Ketika mereka berbicara tak lama setelah matahari terbenam pada 30 April, Abbas setuju, tetapi bersikeras untuk menggunakan generator tetangganya terlebih dahulu untuk mengisi daya ponselnya agar tetap terhubung dengan teman dan keluarga. Jamal tidak melihat atau mendengar kabar dari Abbas sejak itu.
“Saya mulai mencarinya,” kata Jamal (27) kepada Al Jazeera. “Saya menemukan beberapa grup (dibentuk untuk melacak orang hilang di media sosial). Pada awalnya saya pikir grup akan memiliki (jumlah orang) kecil, tetapi saya terkejut.”
Sebulan setelah konflik bersenjata pecah di Sudan pada 15 April, keberadaan setidaknya 190 orang masih belum diketahui di tengah pertempuran tanpa pandang bulu antara tentara Sudan dan RSF, menurut Inisiatif Orang Hilang, sebuah pemantau lokal.
Keluarga dan teman-teman yang hilang ketakutan bahwa orang yang mereka cintai telah ditahan atau bahkan dibunuh dalam baku tembak.
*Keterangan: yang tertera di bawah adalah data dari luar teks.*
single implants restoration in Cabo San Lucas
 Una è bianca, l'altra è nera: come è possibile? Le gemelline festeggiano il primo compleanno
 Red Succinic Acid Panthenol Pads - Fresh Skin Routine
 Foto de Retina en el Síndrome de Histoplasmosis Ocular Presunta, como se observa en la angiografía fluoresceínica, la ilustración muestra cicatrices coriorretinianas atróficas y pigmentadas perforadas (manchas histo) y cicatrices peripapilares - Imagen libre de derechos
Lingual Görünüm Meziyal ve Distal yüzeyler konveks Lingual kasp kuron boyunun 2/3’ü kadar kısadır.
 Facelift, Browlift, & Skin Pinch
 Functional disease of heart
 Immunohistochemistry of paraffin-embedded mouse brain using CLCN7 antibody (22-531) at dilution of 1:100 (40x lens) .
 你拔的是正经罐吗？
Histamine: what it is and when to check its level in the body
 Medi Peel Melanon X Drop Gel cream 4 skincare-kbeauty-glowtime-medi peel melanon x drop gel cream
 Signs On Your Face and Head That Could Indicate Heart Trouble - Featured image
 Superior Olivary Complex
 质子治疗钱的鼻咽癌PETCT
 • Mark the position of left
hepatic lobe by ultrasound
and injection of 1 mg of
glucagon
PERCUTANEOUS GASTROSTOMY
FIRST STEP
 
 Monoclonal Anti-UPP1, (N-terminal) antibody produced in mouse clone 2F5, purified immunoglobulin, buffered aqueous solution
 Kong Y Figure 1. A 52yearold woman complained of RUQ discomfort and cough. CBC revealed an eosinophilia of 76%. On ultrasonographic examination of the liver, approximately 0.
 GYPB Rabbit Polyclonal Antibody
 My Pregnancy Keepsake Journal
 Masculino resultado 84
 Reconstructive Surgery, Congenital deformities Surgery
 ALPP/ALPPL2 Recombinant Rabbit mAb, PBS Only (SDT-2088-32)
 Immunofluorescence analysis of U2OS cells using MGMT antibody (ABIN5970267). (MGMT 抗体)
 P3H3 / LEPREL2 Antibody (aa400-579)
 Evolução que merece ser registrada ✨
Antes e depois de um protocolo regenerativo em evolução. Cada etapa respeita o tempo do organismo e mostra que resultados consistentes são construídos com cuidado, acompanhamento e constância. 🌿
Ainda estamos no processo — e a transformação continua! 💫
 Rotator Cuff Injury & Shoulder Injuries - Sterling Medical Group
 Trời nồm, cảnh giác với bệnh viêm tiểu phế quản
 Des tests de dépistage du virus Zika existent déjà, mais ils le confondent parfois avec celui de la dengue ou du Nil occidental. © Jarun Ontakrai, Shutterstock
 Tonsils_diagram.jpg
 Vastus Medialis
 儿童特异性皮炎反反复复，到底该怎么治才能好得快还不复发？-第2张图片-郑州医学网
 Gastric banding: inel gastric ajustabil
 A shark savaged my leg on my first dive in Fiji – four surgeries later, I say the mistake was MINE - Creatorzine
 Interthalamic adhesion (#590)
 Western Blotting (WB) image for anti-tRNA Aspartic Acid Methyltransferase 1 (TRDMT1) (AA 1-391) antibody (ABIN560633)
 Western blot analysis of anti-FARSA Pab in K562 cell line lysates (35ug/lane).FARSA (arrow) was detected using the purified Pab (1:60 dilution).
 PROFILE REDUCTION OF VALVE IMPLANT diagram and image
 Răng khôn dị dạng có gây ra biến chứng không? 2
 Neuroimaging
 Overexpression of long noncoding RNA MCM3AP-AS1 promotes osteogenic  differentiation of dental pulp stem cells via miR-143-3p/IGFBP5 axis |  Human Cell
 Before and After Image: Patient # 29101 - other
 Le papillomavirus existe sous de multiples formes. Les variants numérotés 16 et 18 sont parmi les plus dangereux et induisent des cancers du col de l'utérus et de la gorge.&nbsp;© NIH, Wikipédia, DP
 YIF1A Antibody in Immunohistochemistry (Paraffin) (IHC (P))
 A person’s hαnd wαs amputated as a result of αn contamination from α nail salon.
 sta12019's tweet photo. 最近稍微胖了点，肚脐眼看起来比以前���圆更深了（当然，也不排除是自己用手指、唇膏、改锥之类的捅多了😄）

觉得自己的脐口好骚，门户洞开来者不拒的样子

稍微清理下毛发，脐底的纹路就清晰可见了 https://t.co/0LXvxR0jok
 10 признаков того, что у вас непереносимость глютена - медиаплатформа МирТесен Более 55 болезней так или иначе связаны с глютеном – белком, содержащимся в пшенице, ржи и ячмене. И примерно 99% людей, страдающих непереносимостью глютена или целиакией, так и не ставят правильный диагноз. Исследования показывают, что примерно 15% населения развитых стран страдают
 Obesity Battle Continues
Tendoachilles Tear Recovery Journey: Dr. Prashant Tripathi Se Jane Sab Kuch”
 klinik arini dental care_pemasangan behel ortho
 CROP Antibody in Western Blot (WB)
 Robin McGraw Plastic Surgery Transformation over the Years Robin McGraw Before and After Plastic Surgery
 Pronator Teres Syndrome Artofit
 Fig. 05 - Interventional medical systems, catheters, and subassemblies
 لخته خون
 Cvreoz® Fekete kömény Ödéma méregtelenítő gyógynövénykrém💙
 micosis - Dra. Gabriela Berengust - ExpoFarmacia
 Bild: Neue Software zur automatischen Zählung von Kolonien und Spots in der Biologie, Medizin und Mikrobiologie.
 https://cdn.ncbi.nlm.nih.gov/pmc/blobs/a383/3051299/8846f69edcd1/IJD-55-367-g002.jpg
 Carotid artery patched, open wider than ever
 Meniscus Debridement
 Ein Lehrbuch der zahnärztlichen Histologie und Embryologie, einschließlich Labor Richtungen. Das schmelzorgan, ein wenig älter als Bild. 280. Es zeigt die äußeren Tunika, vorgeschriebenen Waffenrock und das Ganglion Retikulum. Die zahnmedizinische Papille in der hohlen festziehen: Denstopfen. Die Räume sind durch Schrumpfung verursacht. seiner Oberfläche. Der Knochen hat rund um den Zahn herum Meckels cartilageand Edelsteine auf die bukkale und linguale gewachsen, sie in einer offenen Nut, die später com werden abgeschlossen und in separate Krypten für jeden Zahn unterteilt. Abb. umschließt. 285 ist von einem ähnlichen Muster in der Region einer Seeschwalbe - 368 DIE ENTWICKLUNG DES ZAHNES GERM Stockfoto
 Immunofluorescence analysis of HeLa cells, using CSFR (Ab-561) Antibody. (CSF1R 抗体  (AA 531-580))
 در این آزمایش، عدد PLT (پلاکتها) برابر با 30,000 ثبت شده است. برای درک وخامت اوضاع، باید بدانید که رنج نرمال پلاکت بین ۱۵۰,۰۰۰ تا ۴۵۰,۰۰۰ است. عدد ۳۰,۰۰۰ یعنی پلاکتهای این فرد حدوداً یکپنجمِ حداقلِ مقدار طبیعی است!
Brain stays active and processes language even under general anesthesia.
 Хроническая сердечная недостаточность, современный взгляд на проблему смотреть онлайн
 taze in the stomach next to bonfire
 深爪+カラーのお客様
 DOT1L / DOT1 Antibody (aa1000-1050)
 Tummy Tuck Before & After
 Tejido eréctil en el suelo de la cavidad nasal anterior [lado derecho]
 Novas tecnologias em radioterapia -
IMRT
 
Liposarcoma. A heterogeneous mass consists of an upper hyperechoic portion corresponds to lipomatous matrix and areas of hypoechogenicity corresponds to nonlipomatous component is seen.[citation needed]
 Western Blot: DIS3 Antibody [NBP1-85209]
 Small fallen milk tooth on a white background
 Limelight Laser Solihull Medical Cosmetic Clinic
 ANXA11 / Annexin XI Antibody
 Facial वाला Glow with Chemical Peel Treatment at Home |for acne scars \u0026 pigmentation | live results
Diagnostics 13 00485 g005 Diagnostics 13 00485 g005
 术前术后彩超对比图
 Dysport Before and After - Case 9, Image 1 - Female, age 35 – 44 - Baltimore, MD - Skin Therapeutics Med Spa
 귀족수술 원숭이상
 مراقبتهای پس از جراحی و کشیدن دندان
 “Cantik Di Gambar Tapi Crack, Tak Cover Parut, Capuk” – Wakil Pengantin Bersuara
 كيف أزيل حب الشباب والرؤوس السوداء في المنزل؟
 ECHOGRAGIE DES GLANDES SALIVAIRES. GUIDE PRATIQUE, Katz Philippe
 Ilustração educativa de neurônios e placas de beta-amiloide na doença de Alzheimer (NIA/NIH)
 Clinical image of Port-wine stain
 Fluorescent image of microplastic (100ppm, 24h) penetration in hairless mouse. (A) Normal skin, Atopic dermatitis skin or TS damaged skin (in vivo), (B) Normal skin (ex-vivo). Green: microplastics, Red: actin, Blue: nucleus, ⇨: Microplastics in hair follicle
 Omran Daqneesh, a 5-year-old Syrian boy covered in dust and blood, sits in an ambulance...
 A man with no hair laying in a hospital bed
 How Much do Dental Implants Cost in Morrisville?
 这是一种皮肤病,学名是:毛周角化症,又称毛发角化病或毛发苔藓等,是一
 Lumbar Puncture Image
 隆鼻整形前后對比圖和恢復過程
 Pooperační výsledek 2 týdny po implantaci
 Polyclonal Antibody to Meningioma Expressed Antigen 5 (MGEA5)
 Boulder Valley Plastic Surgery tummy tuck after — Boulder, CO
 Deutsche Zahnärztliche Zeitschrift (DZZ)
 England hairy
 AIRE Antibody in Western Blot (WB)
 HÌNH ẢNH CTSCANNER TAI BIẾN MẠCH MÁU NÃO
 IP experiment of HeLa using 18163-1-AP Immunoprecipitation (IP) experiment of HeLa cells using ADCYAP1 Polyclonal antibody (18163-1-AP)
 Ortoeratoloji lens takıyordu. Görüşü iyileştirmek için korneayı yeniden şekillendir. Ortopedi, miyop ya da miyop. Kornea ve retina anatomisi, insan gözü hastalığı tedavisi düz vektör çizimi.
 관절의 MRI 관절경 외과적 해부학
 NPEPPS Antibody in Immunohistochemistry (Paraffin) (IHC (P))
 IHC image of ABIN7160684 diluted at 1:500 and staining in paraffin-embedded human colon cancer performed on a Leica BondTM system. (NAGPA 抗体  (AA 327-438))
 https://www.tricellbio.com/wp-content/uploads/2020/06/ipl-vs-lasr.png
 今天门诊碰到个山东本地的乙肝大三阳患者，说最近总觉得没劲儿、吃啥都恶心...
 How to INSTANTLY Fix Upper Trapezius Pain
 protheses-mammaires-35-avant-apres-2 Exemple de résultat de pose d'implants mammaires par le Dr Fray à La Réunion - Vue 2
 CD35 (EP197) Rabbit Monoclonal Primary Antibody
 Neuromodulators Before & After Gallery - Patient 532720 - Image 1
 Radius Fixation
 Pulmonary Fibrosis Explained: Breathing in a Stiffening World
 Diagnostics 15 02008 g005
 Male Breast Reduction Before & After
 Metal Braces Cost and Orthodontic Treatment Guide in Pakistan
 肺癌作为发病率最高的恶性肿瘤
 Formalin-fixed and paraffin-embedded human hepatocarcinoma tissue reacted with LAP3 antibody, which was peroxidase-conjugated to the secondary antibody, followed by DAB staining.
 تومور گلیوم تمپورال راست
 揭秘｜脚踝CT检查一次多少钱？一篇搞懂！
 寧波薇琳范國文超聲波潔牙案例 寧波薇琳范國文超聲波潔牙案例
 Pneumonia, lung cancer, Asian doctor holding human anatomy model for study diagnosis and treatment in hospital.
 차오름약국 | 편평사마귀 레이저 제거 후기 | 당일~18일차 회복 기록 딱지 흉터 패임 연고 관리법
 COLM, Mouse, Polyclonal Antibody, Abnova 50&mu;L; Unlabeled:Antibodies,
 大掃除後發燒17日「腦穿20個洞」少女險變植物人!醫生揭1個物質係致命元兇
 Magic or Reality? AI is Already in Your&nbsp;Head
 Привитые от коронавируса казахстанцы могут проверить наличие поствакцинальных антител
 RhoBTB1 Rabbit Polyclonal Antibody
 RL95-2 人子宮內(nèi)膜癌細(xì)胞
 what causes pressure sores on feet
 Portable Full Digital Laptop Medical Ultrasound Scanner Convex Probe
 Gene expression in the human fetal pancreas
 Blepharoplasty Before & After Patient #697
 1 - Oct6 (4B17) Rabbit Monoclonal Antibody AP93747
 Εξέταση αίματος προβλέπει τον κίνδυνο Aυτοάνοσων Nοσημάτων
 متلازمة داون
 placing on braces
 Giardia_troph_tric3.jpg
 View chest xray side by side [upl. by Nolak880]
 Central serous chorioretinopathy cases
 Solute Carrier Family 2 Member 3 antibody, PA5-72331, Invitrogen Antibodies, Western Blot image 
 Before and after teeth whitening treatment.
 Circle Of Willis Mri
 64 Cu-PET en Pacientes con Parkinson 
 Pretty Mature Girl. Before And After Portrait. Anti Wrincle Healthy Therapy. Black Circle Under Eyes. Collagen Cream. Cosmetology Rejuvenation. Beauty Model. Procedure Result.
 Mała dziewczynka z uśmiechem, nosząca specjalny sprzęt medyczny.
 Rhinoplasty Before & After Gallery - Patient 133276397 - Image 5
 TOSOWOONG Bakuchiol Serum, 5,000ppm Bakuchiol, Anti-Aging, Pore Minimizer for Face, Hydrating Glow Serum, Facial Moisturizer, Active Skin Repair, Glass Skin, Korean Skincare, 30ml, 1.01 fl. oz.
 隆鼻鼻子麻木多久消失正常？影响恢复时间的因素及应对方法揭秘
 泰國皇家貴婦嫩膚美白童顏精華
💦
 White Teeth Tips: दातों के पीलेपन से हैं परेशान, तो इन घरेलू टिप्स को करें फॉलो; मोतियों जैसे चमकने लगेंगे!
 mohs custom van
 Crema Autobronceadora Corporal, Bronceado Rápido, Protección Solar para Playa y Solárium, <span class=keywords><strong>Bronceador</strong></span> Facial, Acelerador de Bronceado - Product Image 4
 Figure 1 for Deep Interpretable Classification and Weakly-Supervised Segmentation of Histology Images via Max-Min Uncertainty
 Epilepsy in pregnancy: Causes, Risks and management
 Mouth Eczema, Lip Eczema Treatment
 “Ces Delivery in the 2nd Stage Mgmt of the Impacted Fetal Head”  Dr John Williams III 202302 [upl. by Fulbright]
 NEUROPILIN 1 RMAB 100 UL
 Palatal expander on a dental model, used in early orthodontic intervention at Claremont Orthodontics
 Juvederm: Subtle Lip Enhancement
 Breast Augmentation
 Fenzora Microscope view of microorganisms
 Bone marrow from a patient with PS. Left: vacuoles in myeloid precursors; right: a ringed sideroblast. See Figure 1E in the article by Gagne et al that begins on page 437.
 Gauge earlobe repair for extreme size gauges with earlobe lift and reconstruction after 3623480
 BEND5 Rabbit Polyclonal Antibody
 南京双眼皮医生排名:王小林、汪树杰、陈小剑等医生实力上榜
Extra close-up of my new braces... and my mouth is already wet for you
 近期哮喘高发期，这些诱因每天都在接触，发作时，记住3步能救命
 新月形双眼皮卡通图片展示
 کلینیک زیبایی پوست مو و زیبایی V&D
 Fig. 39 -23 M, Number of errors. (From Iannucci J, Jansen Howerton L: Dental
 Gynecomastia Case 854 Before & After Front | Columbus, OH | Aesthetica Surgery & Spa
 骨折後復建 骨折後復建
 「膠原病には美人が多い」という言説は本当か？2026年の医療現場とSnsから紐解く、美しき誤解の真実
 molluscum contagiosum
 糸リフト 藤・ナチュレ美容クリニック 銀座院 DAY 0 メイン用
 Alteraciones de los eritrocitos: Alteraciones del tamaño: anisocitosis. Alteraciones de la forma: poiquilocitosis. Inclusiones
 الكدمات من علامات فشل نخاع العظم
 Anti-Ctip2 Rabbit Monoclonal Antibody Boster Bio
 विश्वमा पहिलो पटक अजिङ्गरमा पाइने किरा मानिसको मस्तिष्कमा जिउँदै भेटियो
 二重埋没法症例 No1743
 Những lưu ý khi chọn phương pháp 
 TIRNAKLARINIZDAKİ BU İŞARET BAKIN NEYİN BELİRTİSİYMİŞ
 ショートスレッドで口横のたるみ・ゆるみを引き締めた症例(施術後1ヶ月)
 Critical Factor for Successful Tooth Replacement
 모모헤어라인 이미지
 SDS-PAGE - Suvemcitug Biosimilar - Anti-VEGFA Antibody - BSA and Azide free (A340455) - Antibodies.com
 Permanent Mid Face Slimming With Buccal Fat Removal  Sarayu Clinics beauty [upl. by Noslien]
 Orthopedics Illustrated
Untuk mencari mereka, banyak yang memberikan detail kontak mereka di bawah foto orang hilang, yang mereka posting di grup Facebook.
Sejauh ini hanya beberapa orang yang ditemukan hidup-hidup.
Penangkapan sewenang-wenang
Banyak orang tidak terdeteksi setelah ditahan oleh RSF, menurut Sara Hamdan, pendiri Inisiatif Orang Hilang di Sudan.
Dia mengatakan kepada Al Jazeera bahwa beberapa keluarga yang mencari orang yang mereka cintai akhirnya menemukan mereka setelah RSF membebaskan mereka. Hamdan mengatakan para tahanan tersebut diduga sebagai mata-mata tentara Sudan atau telah diculik sehingga barang-barang mereka dapat dicuri.
RSF menangkap orang lain tanpa alasan yang jelas, tambahnya.
“Mereka biasanya menyelidiki para tahanan untuk mengetahui apakah mereka bekerja sama dengan tentara,” kata Hamdan dari Kairo, Mesir, tempat dia baru-baru ini mencari perlindungan dari kekerasan di Khartoum. “Sebagian besar tidak terluka, tetapi beberapa dipukuli jika mereka melawan saat ditangkap.”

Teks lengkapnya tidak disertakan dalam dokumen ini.